Assignment: Write out the following listing's lines from the one with "istock Mom and" to the one with "unfurnished bedroom with", exactly, with both included and no others.

Exercise input:
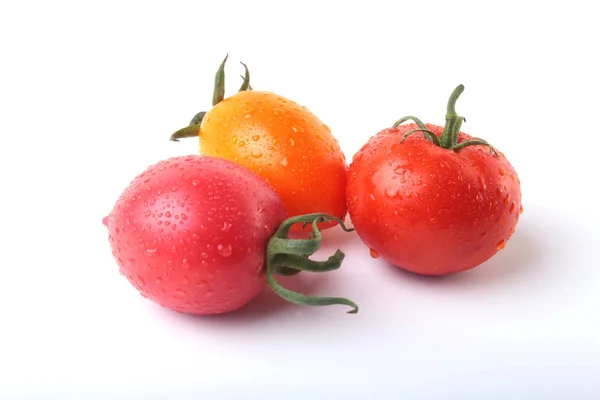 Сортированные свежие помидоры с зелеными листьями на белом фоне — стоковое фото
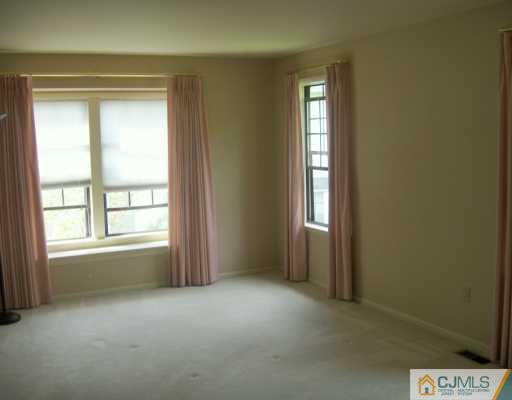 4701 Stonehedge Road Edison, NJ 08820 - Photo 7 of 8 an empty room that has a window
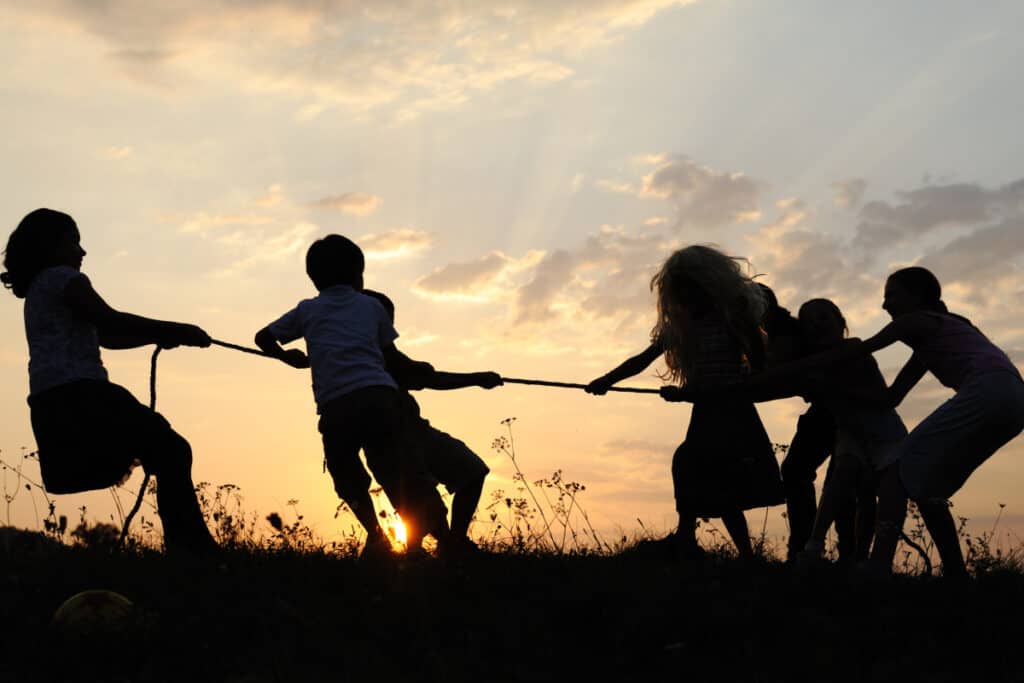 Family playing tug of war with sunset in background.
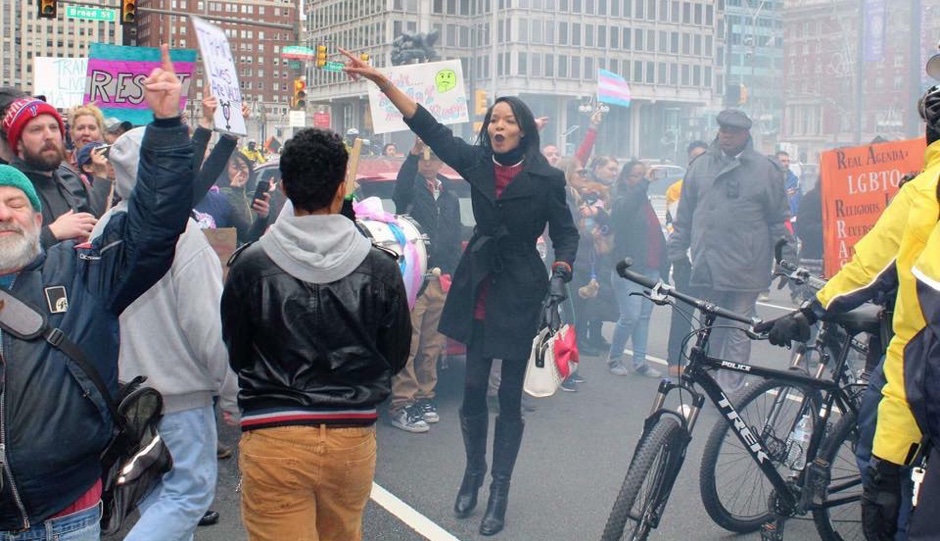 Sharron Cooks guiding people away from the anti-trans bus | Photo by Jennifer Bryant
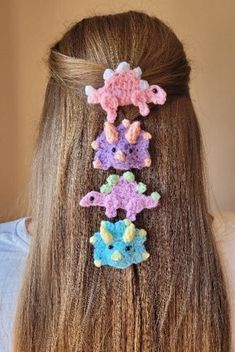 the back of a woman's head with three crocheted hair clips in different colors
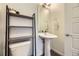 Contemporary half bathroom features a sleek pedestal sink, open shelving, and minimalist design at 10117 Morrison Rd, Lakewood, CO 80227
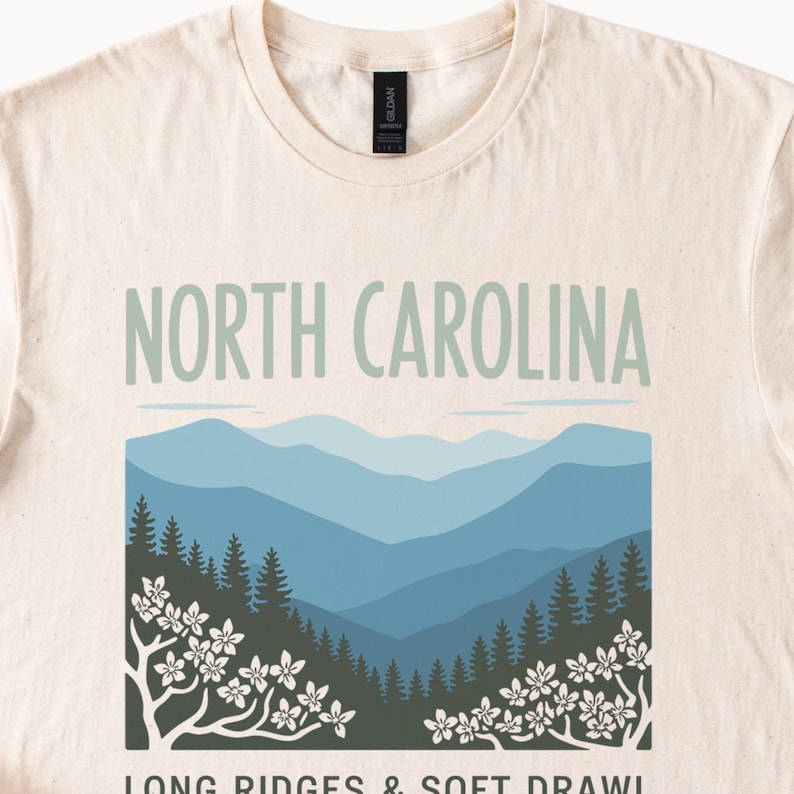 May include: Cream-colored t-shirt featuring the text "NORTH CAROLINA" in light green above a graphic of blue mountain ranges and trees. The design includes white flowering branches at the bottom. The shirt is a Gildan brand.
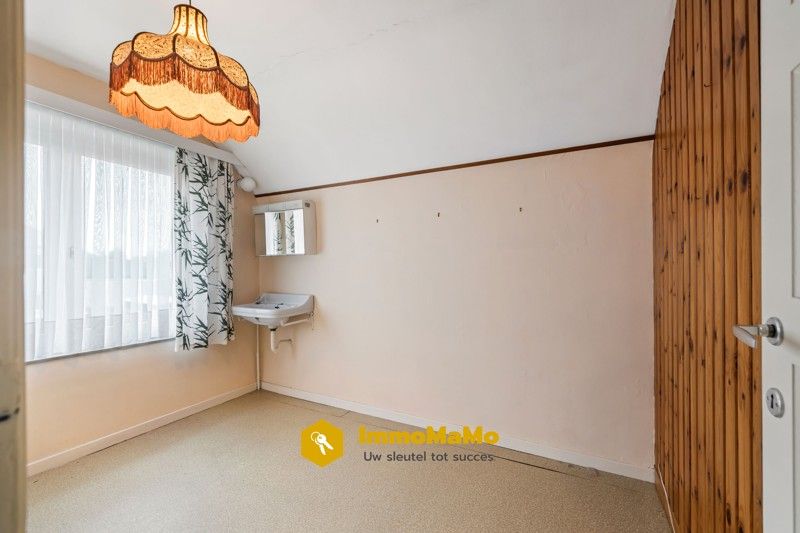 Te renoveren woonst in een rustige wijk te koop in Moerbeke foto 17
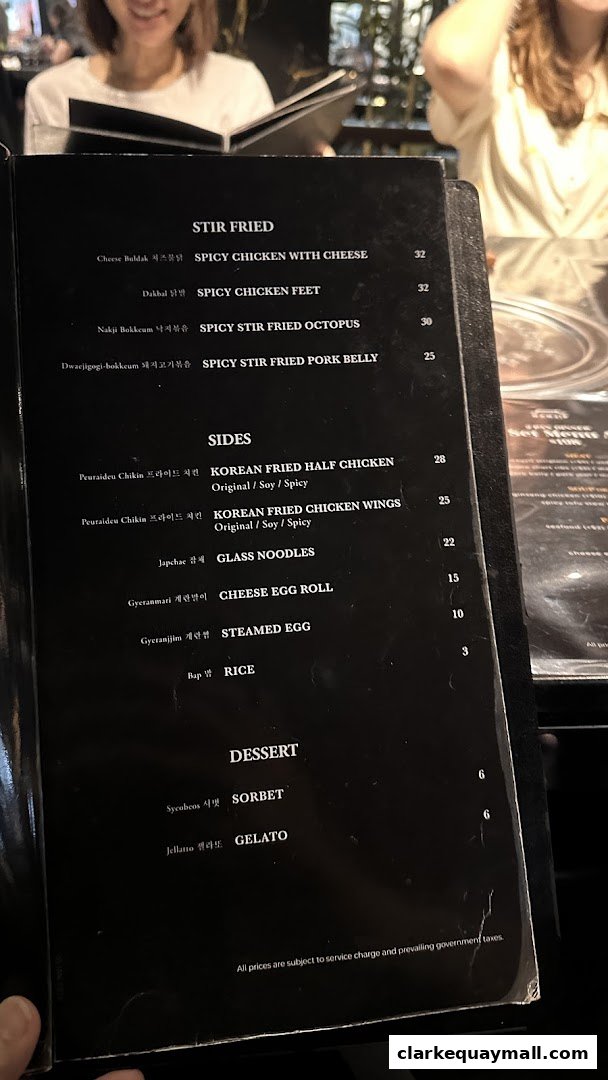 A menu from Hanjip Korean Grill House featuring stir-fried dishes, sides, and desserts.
--
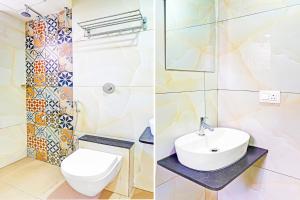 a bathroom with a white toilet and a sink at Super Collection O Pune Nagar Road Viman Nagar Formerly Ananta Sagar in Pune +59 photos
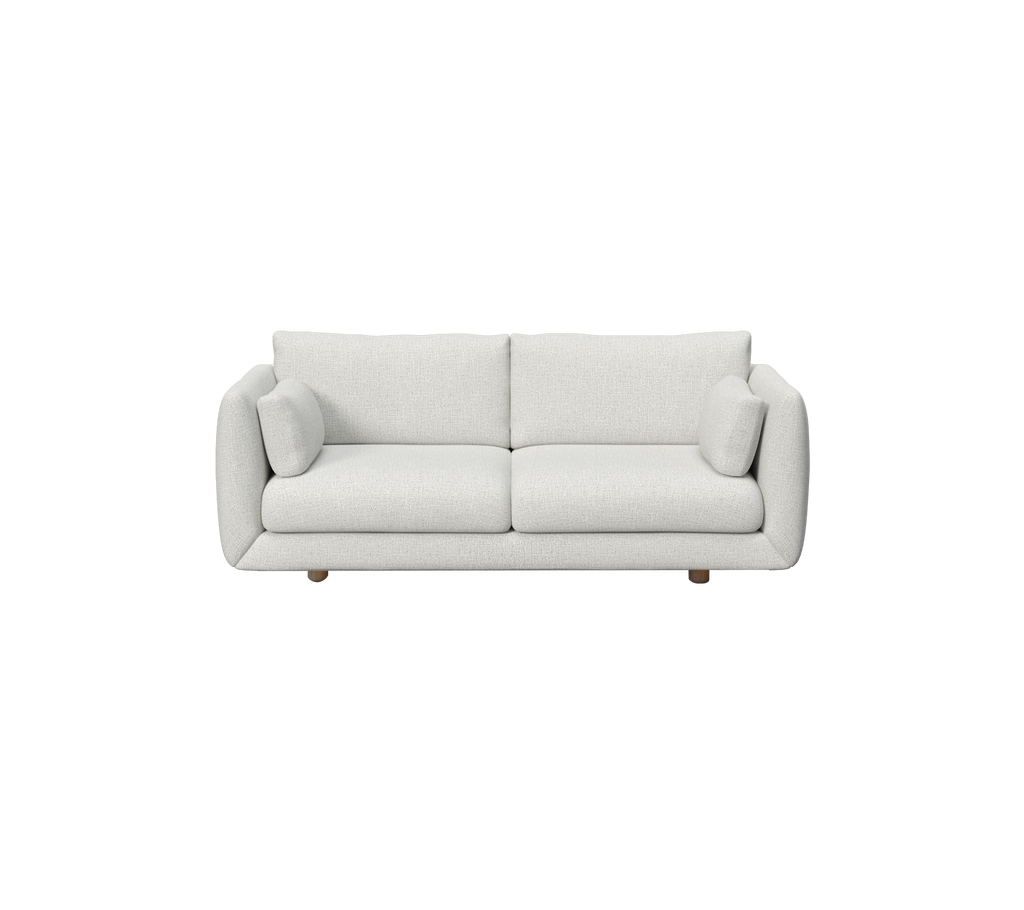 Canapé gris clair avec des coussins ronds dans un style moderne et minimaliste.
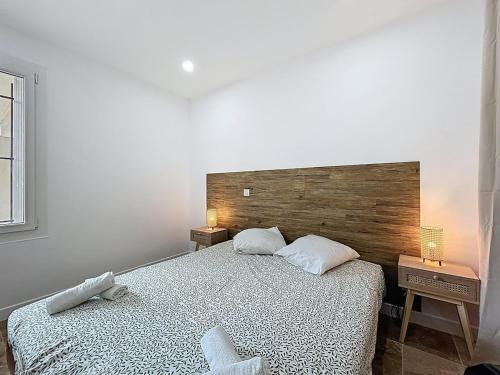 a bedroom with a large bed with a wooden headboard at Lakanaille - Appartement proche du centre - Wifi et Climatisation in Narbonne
==
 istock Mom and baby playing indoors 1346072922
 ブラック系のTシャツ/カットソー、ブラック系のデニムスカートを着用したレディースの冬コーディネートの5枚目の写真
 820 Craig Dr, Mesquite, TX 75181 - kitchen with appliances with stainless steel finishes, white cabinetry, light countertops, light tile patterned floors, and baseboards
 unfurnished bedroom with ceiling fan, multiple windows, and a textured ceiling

Exercise answer:
 istock Mom and baby playing indoors 1346072922
 ブラック系のTシャツ/カットソー、ブラック系のデニムスカートを着用したレディースの冬コーディネートの5枚目の写真
 820 Craig Dr, Mesquite, TX 75181 - kitchen with appliances with stainless steel finishes, white cabinetry, light countertops, light tile patterned floors, and baseboards
 unfurnished bedroom with ceiling fan, multiple windows, and a textured ceiling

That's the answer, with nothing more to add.